Resume Scrape

The resume scrape mode automatically identifies and scrapes only the listings that haven’t been collected yet, allowing you to recover from interrupted scrapes without re-processing completed URLs.

Overview

Resume mode compares your URL collection CSV against your existing data CSV and creates a temporary queue containing only unscraped URLs. This enables efficient recovery from:

Network interruptions
Rate limiting
System crashes
Manual cancellations

How It Works

1. Queue File Creation

The resume workflow:

Reads all URLs from the URL collection CSV (e.g., jiji_urls.csv)
Reads all scraped URLs from the data CSV (e.g., jiji_data.csv) using the url column
Calculates the difference (URLs in collection but not in data)
Creates a temporary queue CSV with only pending URLs

Queue file locations:

Jiji: outputs/urls/jiji_resume_queue.csv
Meqasa: outputs/urls/meqasa_resume_queue.csv

2. Progress Tracking

Before scraping begins, you’ll see a summary table:

Source	URL Pool	Already Scraped	Pending
Jiji	500	350	150
Meqasa	300	300	0

URL Pool: Total unique URLs in the URL CSV
Already Scraped: URLs found in the data CSV
Pending: URLs that will be scraped in this run

3. Automatic Cleanup

After the scrape completes (successfully or with errors), temporary queue files are automatically deleted.
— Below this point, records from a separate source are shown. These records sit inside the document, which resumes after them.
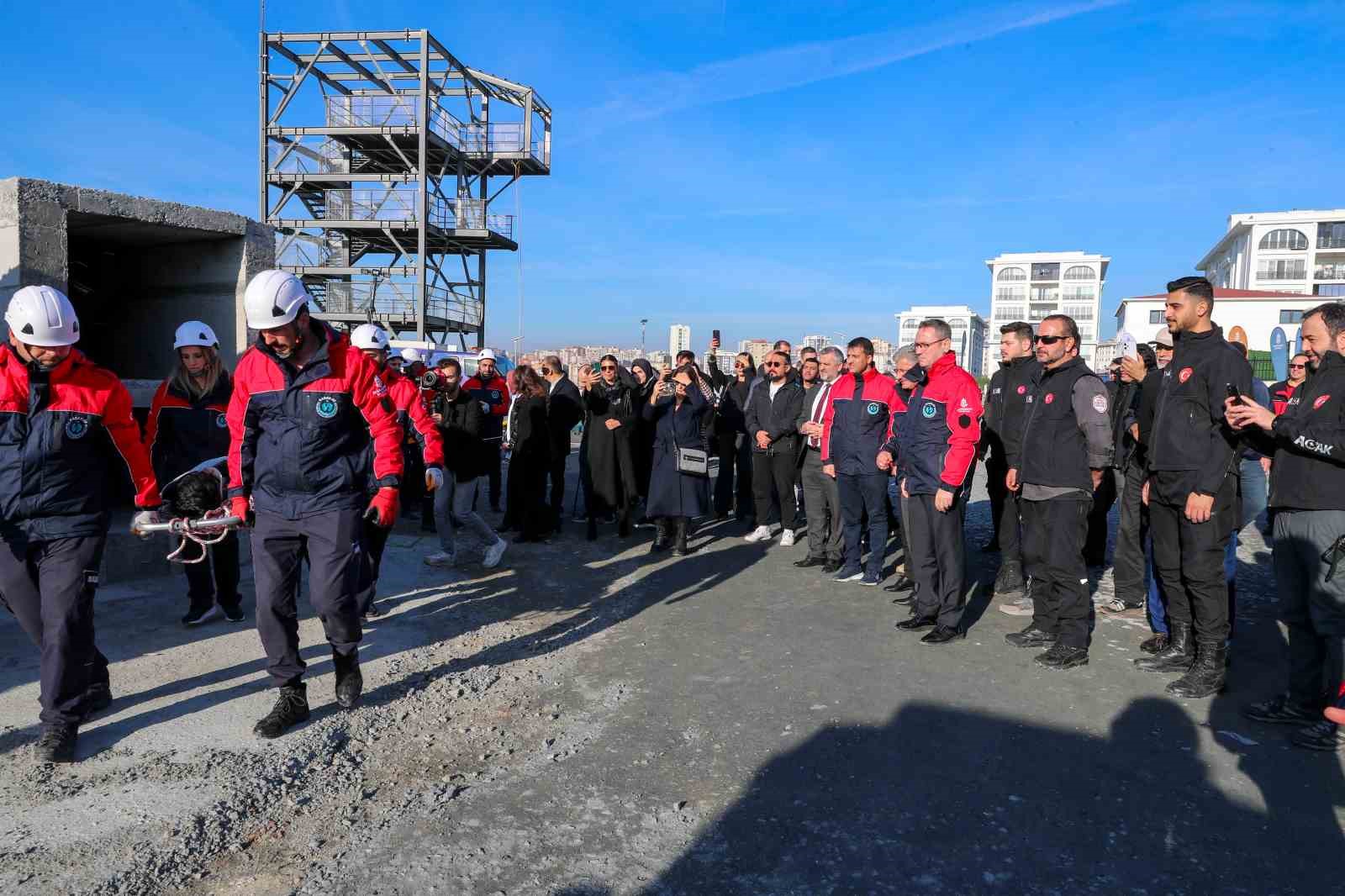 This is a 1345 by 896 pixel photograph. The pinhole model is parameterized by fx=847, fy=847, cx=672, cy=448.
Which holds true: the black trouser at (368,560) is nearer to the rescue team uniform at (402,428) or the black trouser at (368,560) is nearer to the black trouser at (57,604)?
the rescue team uniform at (402,428)

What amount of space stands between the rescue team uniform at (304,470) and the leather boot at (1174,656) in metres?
4.49

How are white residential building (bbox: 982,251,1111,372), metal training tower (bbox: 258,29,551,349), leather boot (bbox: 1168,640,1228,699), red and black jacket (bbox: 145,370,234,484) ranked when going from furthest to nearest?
white residential building (bbox: 982,251,1111,372)
metal training tower (bbox: 258,29,551,349)
red and black jacket (bbox: 145,370,234,484)
leather boot (bbox: 1168,640,1228,699)

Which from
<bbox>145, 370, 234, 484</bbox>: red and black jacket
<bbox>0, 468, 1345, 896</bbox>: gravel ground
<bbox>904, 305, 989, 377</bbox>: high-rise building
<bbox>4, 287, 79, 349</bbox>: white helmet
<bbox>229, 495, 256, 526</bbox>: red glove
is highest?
<bbox>904, 305, 989, 377</bbox>: high-rise building

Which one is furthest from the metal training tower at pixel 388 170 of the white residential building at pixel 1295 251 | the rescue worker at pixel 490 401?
the white residential building at pixel 1295 251

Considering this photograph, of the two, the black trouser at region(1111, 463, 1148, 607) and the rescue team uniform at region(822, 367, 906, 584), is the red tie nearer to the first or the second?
the rescue team uniform at region(822, 367, 906, 584)

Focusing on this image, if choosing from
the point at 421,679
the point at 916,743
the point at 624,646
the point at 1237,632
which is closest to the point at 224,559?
the point at 421,679

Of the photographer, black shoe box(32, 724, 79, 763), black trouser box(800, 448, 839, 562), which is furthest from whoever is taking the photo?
black trouser box(800, 448, 839, 562)

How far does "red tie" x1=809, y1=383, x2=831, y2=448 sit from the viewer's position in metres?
7.86

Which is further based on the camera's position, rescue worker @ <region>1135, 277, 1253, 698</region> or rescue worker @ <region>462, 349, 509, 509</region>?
rescue worker @ <region>462, 349, 509, 509</region>

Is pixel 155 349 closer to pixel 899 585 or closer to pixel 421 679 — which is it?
pixel 421 679

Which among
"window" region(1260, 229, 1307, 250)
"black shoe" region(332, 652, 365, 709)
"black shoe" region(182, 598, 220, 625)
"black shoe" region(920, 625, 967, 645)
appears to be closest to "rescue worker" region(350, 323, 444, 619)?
"black shoe" region(332, 652, 365, 709)

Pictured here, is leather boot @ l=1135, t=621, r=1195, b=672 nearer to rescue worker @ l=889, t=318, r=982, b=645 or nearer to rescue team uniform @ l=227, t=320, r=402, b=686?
rescue worker @ l=889, t=318, r=982, b=645

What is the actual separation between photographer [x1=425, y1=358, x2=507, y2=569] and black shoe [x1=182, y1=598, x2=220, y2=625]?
6.79 feet

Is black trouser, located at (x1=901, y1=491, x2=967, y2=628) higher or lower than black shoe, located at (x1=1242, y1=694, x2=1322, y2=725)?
higher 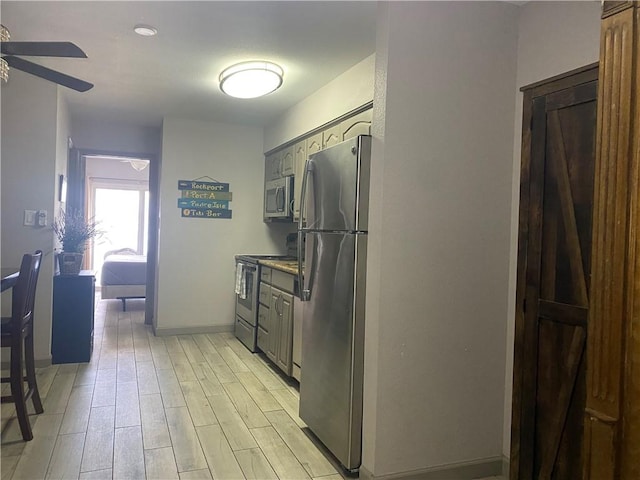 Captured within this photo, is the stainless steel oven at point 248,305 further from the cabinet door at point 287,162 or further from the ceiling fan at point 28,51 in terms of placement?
the ceiling fan at point 28,51

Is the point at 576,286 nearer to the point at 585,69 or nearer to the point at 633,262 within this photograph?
the point at 585,69

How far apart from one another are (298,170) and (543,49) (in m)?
2.62

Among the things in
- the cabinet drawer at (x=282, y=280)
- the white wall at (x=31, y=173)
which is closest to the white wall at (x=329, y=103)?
the cabinet drawer at (x=282, y=280)

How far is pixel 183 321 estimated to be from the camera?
5.27 meters

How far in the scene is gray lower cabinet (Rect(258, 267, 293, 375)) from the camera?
3.72 m

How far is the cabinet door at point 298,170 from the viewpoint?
4.38m

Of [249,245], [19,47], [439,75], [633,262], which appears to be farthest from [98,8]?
[249,245]

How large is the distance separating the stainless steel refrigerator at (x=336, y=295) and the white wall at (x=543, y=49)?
2.59 feet

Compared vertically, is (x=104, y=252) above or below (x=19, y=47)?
below

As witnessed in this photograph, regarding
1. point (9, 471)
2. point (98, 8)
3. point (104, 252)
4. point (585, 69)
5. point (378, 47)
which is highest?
point (98, 8)

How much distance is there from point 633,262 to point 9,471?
2.77 m

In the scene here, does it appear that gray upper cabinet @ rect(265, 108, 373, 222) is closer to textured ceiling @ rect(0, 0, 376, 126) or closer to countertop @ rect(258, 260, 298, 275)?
textured ceiling @ rect(0, 0, 376, 126)

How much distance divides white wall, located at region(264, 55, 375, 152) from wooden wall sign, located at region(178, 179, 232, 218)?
0.88m

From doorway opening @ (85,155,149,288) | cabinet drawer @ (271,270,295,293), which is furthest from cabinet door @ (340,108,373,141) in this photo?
doorway opening @ (85,155,149,288) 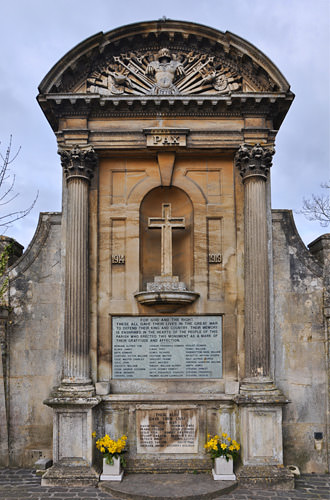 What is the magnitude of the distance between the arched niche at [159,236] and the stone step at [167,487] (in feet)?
12.1

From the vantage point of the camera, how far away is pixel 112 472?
334 inches

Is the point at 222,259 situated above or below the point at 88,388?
above

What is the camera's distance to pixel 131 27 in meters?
9.99

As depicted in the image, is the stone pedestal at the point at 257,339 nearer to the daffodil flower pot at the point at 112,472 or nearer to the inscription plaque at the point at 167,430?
the inscription plaque at the point at 167,430

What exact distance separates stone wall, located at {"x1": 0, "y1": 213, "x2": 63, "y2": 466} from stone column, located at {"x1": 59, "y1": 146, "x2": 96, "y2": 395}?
56cm

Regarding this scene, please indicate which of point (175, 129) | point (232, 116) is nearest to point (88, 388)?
point (175, 129)

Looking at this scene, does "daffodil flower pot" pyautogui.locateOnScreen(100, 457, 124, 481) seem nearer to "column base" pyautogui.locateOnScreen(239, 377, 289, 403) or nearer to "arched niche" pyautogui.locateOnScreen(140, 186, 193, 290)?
"column base" pyautogui.locateOnScreen(239, 377, 289, 403)

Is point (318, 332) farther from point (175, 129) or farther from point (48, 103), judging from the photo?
point (48, 103)

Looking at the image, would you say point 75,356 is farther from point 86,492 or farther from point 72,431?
point 86,492

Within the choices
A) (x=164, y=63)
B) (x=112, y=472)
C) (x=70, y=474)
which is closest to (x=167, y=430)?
(x=112, y=472)

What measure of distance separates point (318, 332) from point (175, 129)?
16.5 ft

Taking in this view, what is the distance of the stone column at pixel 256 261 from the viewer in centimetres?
904

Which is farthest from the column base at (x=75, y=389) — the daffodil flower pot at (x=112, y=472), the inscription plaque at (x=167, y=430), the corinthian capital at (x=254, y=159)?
the corinthian capital at (x=254, y=159)

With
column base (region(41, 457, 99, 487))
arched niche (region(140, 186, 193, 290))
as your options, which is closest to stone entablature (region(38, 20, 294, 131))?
arched niche (region(140, 186, 193, 290)) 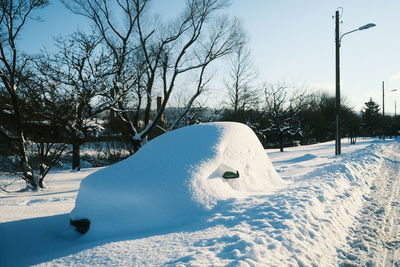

This ensures:

No stale queue files accumulate
Fresh queue calculation on next resume
Clean project state

If all URLs have been scraped (pending = 0), no spider runs and the queue file is not created.

Usage

Interactive Mode (Recommended)

Run main.py and select the resume option:

python main.py

Choose “Resume listing scrape (missing URLs only)”
Select source (Jiji, Meqasa, or both)
Confirm whether to use default CSV paths
Review the resume queue summary
Scraping begins automatically for pending URLs

Custom CSV Paths

If your URL or data CSVs are in non-default locations:

Select “No” when asked about default paths
Provide custom paths when prompted:
- URL CSV path (source of all listing URLs)
- Data CSV path (already scraped listings)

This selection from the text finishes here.